A running kars control plane (kars up) on an AKS cluster, and kubectl pointed at it.

Deploy

# 1. The Playwright MCP server (in its own namespace).
kubectl apply -f 00-playwright-mcp.yaml
kubectl -n kars-mcp rollout status deploy/playwright-mcp

# 2. Register the MCP with kars + the browser agent.
kubectl apply -f 01-mcpserver.yaml
kubectl apply -f 02-karssandbox.yaml
kubectl -n kars-system wait --for=jsonpath='{.status.phase}'=Running \
  karssandbox/browser --timeout=180s

Use it

kars connect browser

Then ask it to do something on the web, e.g.:

Navigate to https://example.com, take a snapshot, and tell me the page heading.

Go to https://playwright.dev, click "Get started", and summarise the page.

Multi-step flows work because the router keeps the browser session (and its live page) alive across calls.

Verify the out-of-the-box egress (optional)

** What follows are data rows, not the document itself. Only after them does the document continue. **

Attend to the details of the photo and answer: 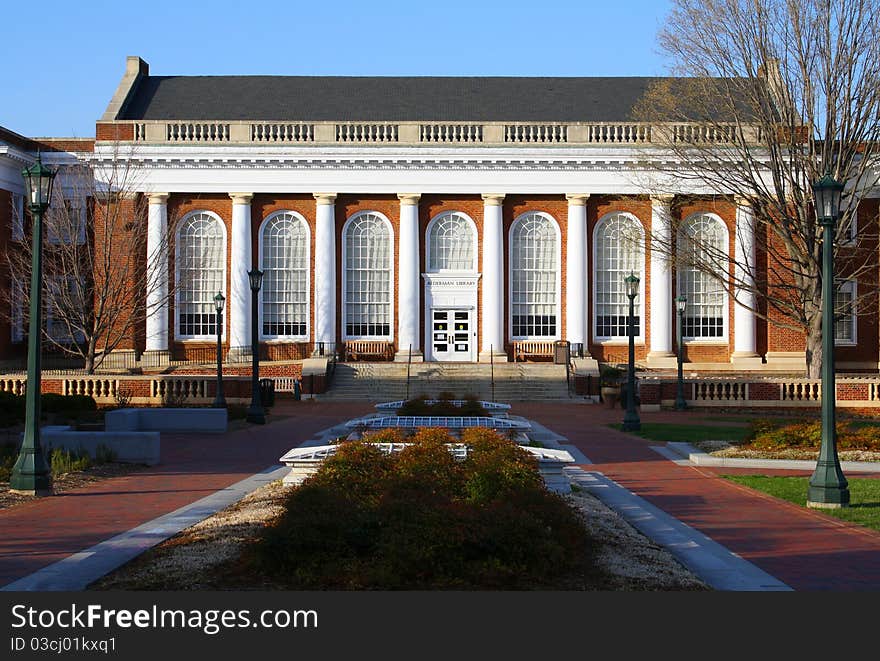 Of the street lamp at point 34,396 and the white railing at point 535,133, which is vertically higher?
the white railing at point 535,133

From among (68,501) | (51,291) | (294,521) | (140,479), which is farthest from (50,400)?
(294,521)

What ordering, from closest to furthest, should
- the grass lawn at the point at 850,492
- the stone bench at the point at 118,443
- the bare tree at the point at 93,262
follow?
the grass lawn at the point at 850,492 < the stone bench at the point at 118,443 < the bare tree at the point at 93,262

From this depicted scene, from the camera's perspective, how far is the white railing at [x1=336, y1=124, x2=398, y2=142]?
50.2m

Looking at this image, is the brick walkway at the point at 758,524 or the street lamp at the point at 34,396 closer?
the brick walkway at the point at 758,524

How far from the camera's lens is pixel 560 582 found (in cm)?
943

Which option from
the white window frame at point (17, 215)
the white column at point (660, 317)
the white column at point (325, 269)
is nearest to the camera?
the white window frame at point (17, 215)

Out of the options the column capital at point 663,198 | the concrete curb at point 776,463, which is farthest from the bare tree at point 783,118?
the concrete curb at point 776,463

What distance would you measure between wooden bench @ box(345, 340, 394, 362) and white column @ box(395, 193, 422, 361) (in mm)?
502

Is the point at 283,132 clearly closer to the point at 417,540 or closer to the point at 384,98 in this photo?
the point at 384,98

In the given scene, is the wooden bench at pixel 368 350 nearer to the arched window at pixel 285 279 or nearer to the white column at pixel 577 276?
the arched window at pixel 285 279

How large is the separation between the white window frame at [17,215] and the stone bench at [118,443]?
29203 mm

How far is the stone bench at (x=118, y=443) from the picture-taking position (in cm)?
1972

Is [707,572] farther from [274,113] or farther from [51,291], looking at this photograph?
[274,113]

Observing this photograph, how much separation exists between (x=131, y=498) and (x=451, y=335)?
117 ft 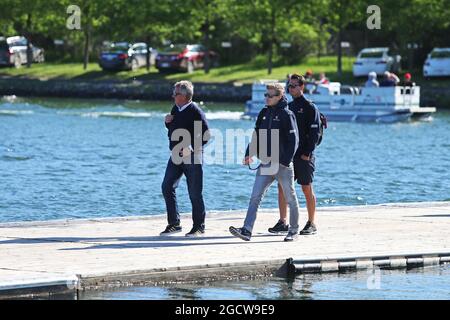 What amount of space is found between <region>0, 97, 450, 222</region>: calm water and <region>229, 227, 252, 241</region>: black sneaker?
303 inches

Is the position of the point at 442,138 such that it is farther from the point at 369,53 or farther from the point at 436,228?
the point at 436,228

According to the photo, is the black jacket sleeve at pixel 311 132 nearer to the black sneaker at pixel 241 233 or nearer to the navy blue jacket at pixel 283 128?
the navy blue jacket at pixel 283 128

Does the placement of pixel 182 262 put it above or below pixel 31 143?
above

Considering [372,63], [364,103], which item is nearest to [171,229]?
[364,103]

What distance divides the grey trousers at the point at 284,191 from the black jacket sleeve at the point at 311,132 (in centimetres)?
60

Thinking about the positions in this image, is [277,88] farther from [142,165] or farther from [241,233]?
[142,165]

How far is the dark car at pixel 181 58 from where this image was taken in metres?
73.2

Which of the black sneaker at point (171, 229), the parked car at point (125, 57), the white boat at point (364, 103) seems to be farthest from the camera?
the parked car at point (125, 57)

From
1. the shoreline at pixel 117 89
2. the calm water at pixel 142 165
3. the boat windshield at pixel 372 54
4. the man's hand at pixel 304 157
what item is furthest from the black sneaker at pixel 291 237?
the boat windshield at pixel 372 54

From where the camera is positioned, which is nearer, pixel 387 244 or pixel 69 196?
pixel 387 244

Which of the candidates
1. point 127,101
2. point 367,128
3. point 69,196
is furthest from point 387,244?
point 127,101

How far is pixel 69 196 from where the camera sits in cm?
2748

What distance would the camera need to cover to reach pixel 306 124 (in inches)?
677

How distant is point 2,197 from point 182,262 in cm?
1293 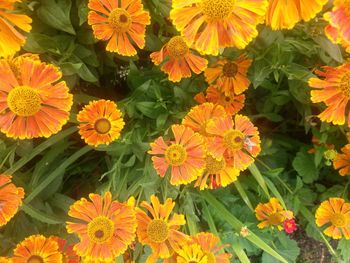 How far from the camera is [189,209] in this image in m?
1.22

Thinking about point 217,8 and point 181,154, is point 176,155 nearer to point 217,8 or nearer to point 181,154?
point 181,154

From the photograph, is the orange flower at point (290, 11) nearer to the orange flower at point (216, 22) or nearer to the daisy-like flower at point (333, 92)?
the orange flower at point (216, 22)

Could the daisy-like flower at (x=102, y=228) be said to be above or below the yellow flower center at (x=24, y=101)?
below

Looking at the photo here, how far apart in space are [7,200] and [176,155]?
15.5 inches

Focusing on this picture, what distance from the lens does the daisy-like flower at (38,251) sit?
Result: 3.50 ft

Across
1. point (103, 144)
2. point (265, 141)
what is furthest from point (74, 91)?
point (265, 141)

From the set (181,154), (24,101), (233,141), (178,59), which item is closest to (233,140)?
(233,141)

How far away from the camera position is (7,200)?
1.00 m

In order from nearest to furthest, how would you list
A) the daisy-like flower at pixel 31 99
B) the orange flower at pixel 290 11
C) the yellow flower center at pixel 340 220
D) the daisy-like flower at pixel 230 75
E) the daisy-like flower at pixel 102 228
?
the orange flower at pixel 290 11 → the daisy-like flower at pixel 31 99 → the daisy-like flower at pixel 102 228 → the daisy-like flower at pixel 230 75 → the yellow flower center at pixel 340 220

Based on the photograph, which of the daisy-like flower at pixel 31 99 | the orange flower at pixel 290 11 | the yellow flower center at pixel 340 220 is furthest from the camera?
the yellow flower center at pixel 340 220

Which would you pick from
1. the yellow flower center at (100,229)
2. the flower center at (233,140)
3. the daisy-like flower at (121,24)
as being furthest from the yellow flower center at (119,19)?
the yellow flower center at (100,229)

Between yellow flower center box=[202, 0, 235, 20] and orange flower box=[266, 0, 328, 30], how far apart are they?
9 cm

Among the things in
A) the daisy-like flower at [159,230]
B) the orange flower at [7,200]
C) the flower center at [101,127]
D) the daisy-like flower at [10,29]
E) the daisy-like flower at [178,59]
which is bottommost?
the daisy-like flower at [159,230]

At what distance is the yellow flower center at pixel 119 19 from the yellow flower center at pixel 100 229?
45 cm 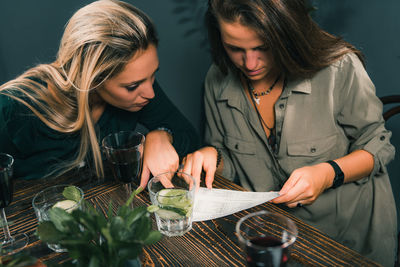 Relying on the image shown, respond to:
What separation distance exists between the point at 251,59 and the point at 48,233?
899mm

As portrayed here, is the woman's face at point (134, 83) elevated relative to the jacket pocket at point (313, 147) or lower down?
elevated

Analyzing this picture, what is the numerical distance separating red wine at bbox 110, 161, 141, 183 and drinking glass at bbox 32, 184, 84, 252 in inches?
4.1

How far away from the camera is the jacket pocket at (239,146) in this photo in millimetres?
1647

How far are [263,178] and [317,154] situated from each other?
25 cm

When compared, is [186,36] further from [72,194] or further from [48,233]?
[48,233]

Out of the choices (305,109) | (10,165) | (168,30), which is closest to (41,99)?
(10,165)

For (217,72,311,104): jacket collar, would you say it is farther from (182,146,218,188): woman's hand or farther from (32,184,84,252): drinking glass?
(32,184,84,252): drinking glass

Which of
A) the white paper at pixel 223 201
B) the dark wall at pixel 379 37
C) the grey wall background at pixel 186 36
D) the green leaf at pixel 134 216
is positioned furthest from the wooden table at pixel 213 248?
the dark wall at pixel 379 37

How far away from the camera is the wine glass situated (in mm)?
927

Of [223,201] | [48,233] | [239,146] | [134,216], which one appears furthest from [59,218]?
[239,146]

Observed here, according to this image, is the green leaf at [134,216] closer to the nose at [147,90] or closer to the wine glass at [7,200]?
the wine glass at [7,200]

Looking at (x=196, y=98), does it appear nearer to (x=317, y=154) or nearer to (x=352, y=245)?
(x=317, y=154)

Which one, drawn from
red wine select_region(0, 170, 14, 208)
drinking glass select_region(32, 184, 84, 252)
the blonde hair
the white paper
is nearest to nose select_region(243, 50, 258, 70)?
the blonde hair

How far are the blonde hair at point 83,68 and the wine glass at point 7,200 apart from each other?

The controller derives the egress rule from the MCP URL — confirm it's there without you having written it:

kubectl -n kars-browser get networkpolicy -o yaml | grep -A4 namespaceSelector
# → a rule selecting kubernetes.io/metadata.name: kars-mcp on TCP 8931

How it works

  1. McpServer CR (01-mcpserver.yaml) declares the endpoint, the allow-listed tools, and which sandboxes may use it.
  2. mcpServerRefs in the sandbox (02-karssandbox.yaml) opts the agent in. The controller mirrors the MCP's config into the sandbox namespace, mounts it into the router, and — because the URL is an in-cluster Service — auto-derives the NetworkPolicy egress to kars-mcp:8931. (Cilium only honours a namespaceSelector for in-cluster pod destinations, never an ipBlock; the controller emits the correct form.)
  3. The inference router discovers the MCP's tools, namespaces them, and exposes them to the agent on loopback. It acts as a well-formed MCP client: it holds the standalone SSE stream open and answers the server's heartbeat pings with pongs, so Playwright never reaps the session. That is what keeps a browsing flow on one live page.

Going hosted

To point at a hosted MCP instead of an in-cluster one, change just the URL:

spec:
  url: "https://mcp.example.com/mcp"
  productionMode: true
  oauth:
    issuer: "https://login.microsoftonline.com/<tenant>/v2.0"
    audience: "api://your-mcp"

External https:// hosts on 443 are already covered by the router's HTTPS path; the controller adds a coarse port rule for non-443 hosts and the router enforces the exact host. The agent still never sees a token.

Clean up

kubectl delete -f 02-karssandbox.yaml -f 01-mcpserver.yaml -f 00-playwright-mcp.yaml

See docs/mcp.md for the full MCP guide and docs/api/crd-reference.md for the McpServer / KarsSandbox schemas.